賀川:25分にフォルミガのミドルシュートがあった。右足アウトサイドにかかってスライスするいいシュートだったが、福元にはキックの瞬間から見えていたから落ち着いて防いだ。
そのころに左サイドでスローインを3度続けて攻め上がったのも“なでしこ”は賢明だね。体はこれだけ忙しくても、頭もちゃんと働いていると安心したよ。
――スローインはオフサイドがないから、相手の一番嫌な、賀川さんの言うペナルティエリアの根っこまでいきやすいわけですね。
賀川:ハーフウェイライン近くで川澄とマルタが奪い合って丸谷ハンドがあった。彼女は自分から下がってボールをもらいに来たり、中盤でボールの競り合いに加わったりするようになった。だいぶイライラしているのだろうと思っていた。
――このFKを宮間が蹴って大儀見がGKの前でヘッドした。すぐ後に川澄のシュートもあった。
◆大儀見のスタートと丁寧なシュート
賀川:流れが日本側へ来始めたかなという時に、左タッチ際で川澄が倒されてFKとなった。ハーフウェイラインより2メートルくらい相手側、左よりの地点でころがってきたボールを澤が手で押さえ、FKをすばやく前へ送った。
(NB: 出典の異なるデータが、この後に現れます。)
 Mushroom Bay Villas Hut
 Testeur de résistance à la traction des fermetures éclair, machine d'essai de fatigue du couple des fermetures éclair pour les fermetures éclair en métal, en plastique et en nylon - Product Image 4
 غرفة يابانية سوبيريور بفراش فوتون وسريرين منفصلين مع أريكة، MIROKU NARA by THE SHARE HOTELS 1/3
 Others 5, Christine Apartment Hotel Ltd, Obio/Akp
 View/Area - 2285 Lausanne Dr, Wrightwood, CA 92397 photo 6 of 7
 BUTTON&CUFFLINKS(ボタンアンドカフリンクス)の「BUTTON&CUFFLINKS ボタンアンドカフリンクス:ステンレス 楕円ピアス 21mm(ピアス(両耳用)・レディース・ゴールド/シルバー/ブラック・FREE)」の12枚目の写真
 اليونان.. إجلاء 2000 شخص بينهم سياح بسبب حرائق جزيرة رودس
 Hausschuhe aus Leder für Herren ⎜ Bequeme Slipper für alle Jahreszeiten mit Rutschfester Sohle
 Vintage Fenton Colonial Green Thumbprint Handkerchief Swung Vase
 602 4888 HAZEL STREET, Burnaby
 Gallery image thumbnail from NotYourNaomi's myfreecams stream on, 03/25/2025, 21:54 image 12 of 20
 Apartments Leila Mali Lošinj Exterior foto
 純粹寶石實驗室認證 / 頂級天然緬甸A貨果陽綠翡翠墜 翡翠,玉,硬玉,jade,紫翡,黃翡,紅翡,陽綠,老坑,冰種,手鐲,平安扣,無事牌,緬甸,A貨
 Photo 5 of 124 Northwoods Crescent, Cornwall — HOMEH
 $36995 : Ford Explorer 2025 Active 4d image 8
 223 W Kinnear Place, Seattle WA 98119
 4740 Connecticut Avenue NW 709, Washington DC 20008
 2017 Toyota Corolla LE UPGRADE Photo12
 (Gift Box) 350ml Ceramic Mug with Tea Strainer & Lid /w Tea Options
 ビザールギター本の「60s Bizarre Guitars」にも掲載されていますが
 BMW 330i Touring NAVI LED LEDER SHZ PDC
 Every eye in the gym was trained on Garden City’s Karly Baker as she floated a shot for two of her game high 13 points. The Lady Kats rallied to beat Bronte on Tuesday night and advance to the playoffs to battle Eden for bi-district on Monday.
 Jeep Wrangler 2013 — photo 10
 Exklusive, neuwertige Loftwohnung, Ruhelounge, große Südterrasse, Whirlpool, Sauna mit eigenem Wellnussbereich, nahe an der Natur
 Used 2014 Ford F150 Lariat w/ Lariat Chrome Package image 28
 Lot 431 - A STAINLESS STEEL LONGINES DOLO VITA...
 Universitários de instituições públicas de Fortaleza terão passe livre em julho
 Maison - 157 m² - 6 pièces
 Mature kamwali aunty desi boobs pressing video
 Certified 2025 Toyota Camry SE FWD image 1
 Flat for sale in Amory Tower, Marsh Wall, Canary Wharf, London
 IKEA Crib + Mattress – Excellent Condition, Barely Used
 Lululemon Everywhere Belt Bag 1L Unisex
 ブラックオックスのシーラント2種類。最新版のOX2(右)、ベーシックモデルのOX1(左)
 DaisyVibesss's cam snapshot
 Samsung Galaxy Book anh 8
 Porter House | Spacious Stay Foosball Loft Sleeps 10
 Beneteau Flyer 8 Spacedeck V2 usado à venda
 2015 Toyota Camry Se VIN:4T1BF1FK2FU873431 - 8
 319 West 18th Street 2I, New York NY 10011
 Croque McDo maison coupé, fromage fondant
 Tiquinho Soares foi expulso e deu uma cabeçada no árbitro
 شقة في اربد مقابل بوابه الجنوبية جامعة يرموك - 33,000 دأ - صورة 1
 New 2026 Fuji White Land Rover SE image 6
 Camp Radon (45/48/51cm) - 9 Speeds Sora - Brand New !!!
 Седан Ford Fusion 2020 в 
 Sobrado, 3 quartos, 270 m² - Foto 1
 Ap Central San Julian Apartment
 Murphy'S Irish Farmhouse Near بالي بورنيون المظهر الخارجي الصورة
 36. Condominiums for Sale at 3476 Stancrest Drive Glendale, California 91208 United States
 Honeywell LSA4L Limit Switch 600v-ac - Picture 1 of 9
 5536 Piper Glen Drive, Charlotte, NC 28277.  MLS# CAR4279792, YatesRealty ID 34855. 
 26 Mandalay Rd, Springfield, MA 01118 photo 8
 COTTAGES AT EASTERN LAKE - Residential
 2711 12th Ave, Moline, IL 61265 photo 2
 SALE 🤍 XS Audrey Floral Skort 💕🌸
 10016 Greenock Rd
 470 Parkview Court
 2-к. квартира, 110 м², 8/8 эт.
ファウル地点はタッチライン際だったから、ボールのプレース地点はだいぶずれていたが、この早いリスタートが効いた。ボールは15メートル前方の大野を過ぎて、前方へ。それを左に開いていた大儀見が追った。
2人のCDFのラインをすり抜けたボールを大儀見が取ったのはペナルティエリアぎりぎり。追うDFとは2メートル以上開いていて全くノーマークで大儀見は右足でシュート。前進してきたGKアンドレイアの右を抜いた。
――スローで見ると澤が蹴るときには大儀見はスタートしていましたね。左タッチ近く、大野よりは後方だったから、オフサイドは全く問題なしだった。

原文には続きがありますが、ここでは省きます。